Required work :: Copy exactly, and copy nothing else: the line that contains "Foto 2bd6292f-91de-4268-ab43-8457a8f79660. Oficina" and all lines after it in the listing, without pictures.

━━━━

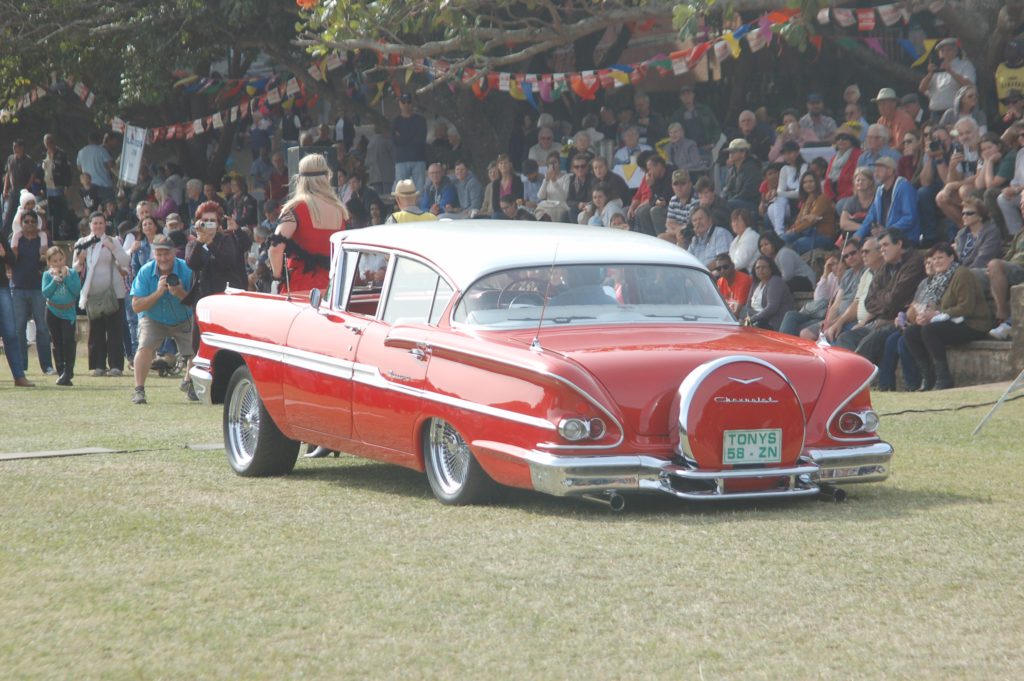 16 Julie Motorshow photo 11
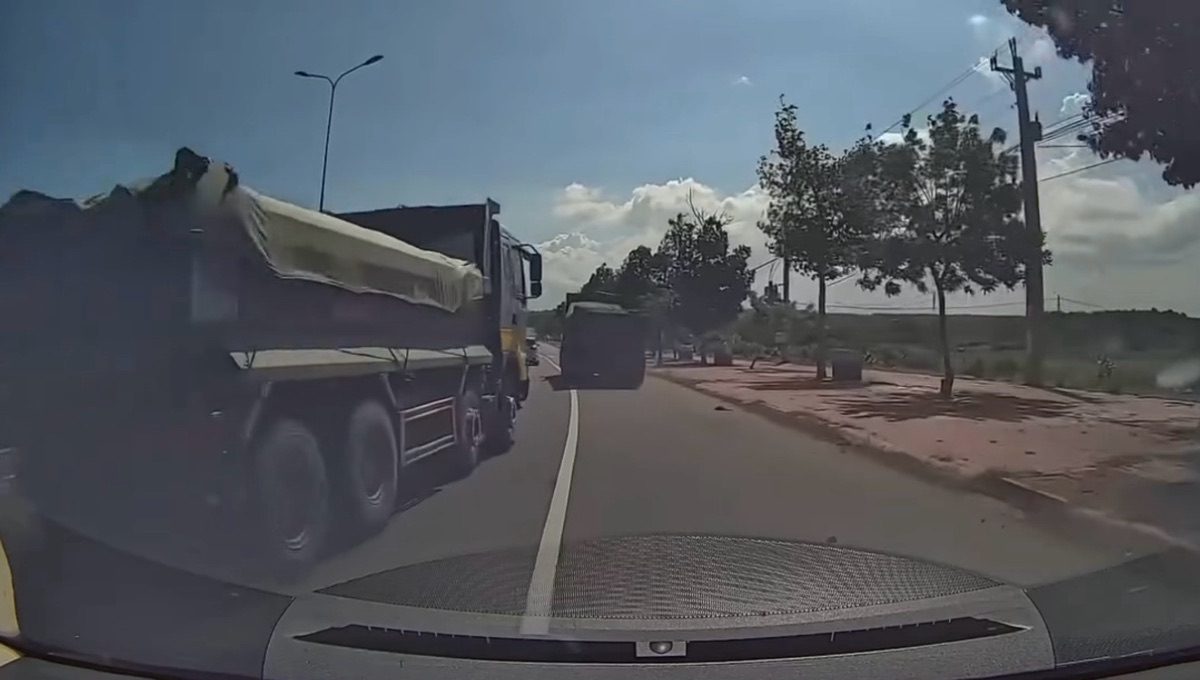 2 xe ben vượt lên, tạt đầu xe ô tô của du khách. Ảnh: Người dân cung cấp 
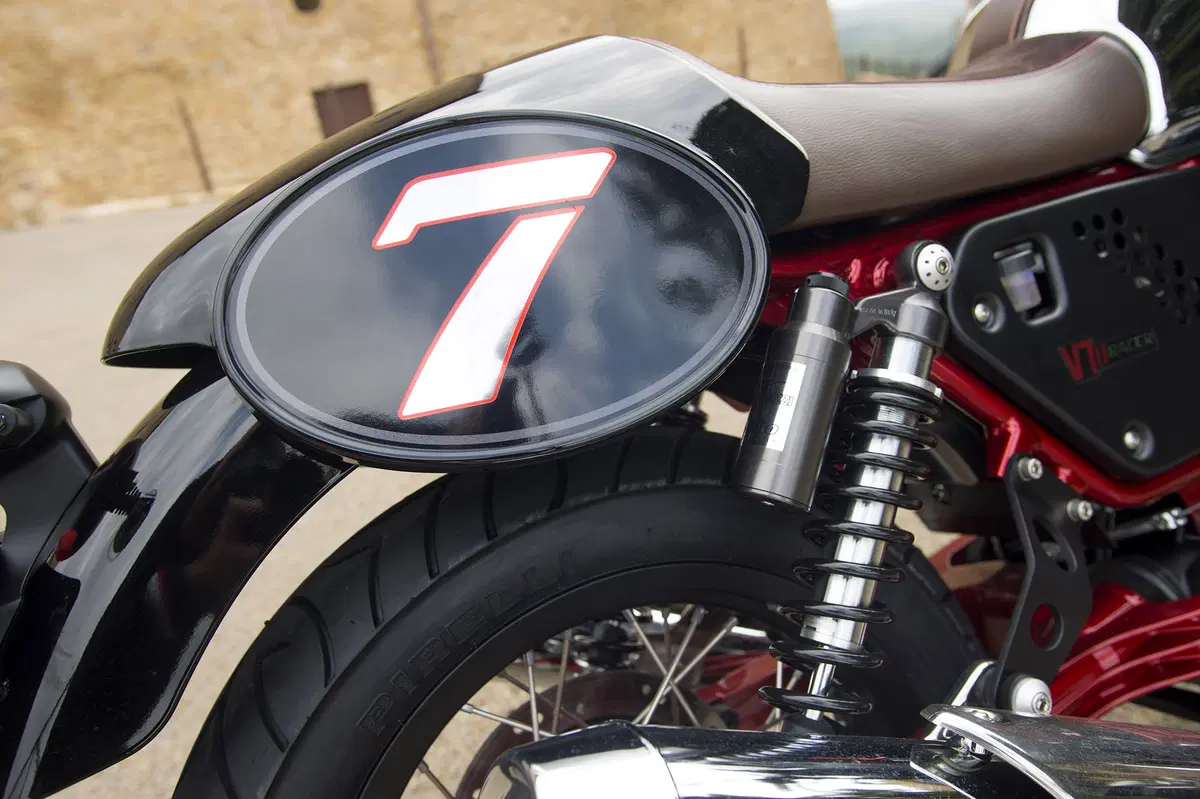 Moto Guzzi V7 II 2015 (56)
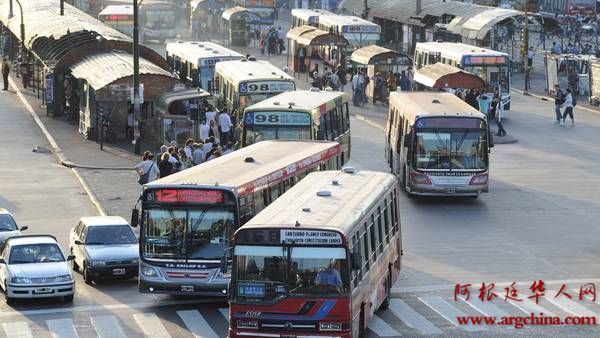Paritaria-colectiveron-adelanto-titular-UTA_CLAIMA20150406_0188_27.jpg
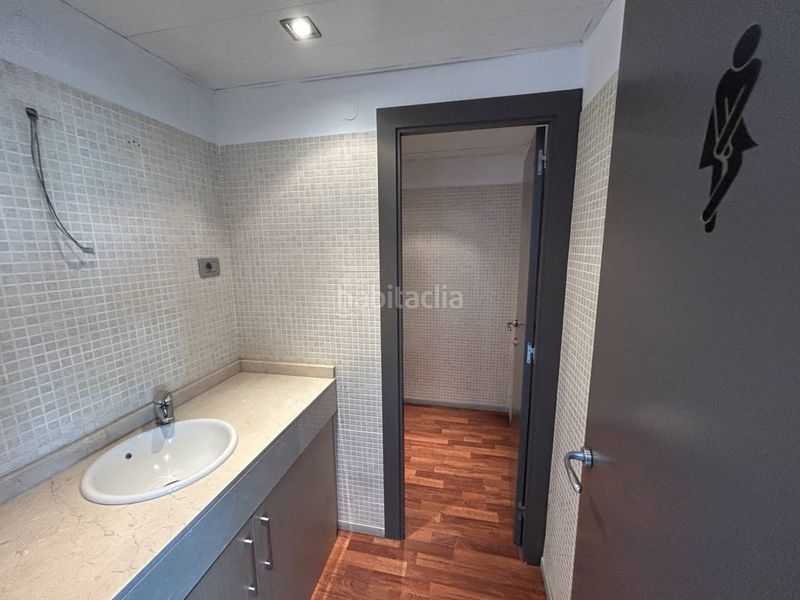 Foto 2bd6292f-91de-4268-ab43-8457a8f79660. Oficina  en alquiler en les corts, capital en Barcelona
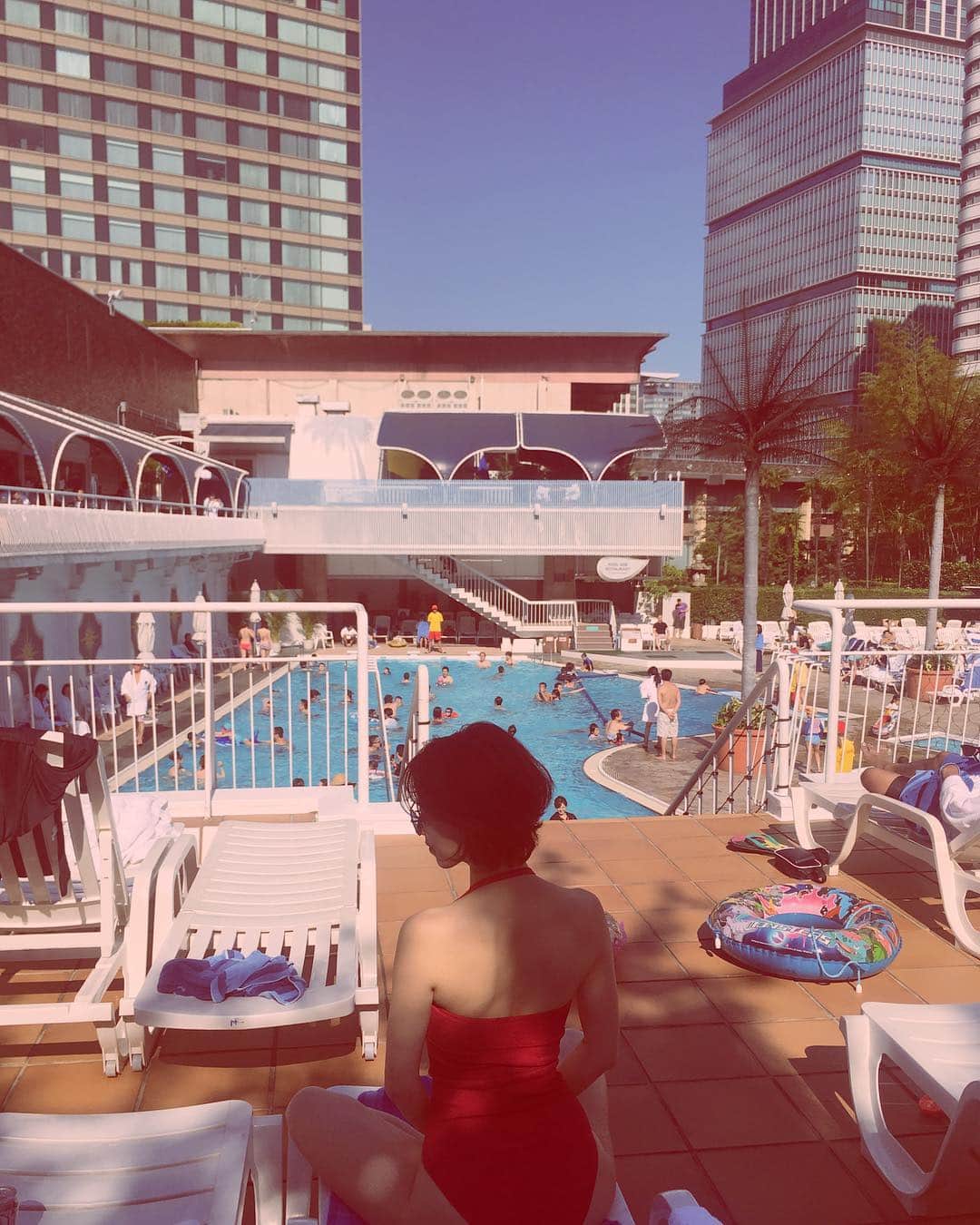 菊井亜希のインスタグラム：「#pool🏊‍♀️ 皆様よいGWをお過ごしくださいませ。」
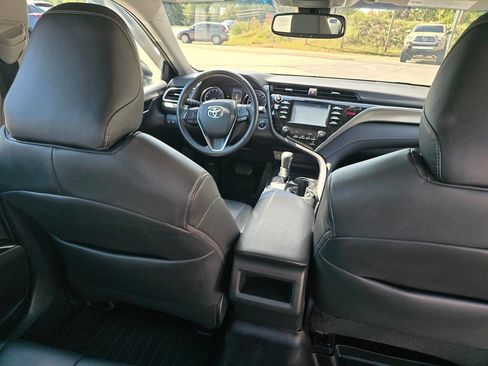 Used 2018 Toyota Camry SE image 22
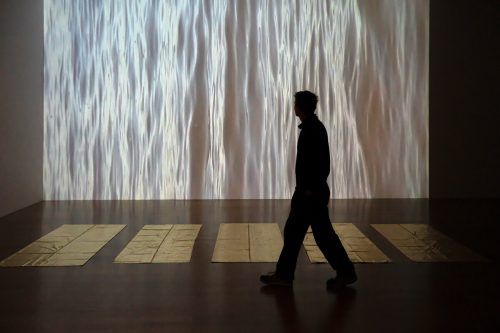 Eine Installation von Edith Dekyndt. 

━━━━

Answer box ::
 Foto 2bd6292f-91de-4268-ab43-8457a8f79660. Oficina  en alquiler en les corts, capital en Barcelona
 菊井亜希のインスタグラム：「#pool🏊‍♀️ 皆様よいGWをお過ごしくださいませ。」
 Used 2018 Toyota Camry SE image 22
 Eine Installation von Edith Dekyndt. 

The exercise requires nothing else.